Александр молчал. Последние доказательства совсем сбили его с ног. Возражать было нечего, но он находился под влиянием господствовавшего в нём чувства. Он вспомнил об утраченном счастье, о том, что теперь другой… И слёзы градом потекли по щекам его.
– Ай, ай, ай! стыдись! – сказал Пётр Иваныч, – и ты мужчина! плачь, ради бога, не при мне!
– Дядюшка! Вспомните о летах вашей молодости, – всхлипывая, говорил Александр, – ужели вы покойно и равнодушно могли бы перенести самое горькое оскорбление, какое только судьба посылает человеку? Жить полтора года такою полною жизнию и вдруг – нет ничего! пустота… После этой искренности хитрость, скрытность, холодность – ко мне! Боже! есть ли ещё мука сильнее? Легко сказать про другого «изменили», а испытать?.. Как она переменилась! как стала наряжаться для графа! Бывало, приеду, она бледнеет, едва может говорить… лжёт… о нет…
Тут слёзы хлынули сильнее.
– Если б мне осталось утешение, – продолжал он, – что я потерял её по обстоятельствам, если б неволя принудила её… пусть бы даже умерла – и тогда легче было бы перенести… а то нет, нет… другой! это ужасно, невыносимо! И нет средств вырвать её у похитителя: вы обезоружили меня… что мне делать? научите же! Мне душно, больно… тоска, мука! я умру… застрелюсь…
Он облокотился на стол, закрыл голову руками и громко зарыдал…
Пётр Иваныч растерялся. Он прошёлся раза два по комнате, потом остановился против Александра и почесал голову, не зная, что начать.
– Выпей вина, Александр, – сказал Пётр Иваныч сколько мог понежнее, – может быть – того…

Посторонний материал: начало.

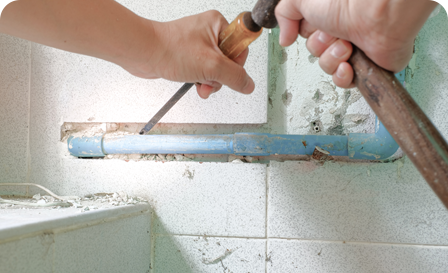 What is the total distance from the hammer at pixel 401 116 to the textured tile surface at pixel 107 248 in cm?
75

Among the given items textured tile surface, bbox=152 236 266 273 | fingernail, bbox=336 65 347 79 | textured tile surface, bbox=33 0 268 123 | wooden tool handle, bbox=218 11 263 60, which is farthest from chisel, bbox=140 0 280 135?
textured tile surface, bbox=152 236 266 273

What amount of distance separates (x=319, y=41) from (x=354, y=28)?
0.12 m

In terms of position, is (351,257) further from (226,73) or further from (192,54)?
(192,54)

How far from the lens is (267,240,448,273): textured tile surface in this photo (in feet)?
3.69

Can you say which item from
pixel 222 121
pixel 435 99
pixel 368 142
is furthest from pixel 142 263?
pixel 435 99

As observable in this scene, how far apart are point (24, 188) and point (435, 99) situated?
6.24 feet

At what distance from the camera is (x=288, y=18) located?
708 mm

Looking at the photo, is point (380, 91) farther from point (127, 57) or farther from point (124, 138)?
point (124, 138)

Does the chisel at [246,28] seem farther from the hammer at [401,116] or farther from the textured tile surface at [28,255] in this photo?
the textured tile surface at [28,255]

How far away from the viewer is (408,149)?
1.80ft

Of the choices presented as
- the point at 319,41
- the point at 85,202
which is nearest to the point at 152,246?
the point at 85,202

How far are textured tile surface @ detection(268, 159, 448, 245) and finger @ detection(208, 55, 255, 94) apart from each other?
47 cm

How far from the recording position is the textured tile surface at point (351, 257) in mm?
1124

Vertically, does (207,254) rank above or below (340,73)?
below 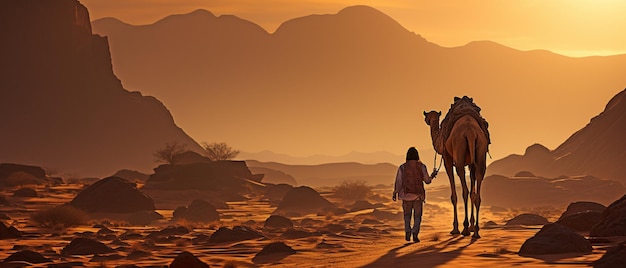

Александр – ничего, только плечи и голова его судорожно подёргивались; он всё рыдал. Пётр Иваныч нахмурился, махнул рукой и вышел из комнаты.
– Что мне делать с Александром? – сказал он жене. – Он там у меня разревелся и меня выгнал; я совсем измучился с ним.
– А ты так его и оставил? – спросила она, – бедный! Пусти меня, я пойду к нему.
– Да ничего не сделаешь: это уж такая натура. Весь в тётку: та такая же плакса. Я уж немало убеждал его.
– Только убеждал?
– И убедил: он согласился со мной.
– О, я не сомневаюсь: ты очень умён и… хитёр! – прибавила она.
– Слава богу, если так: тут, кажется, всё, что нужно.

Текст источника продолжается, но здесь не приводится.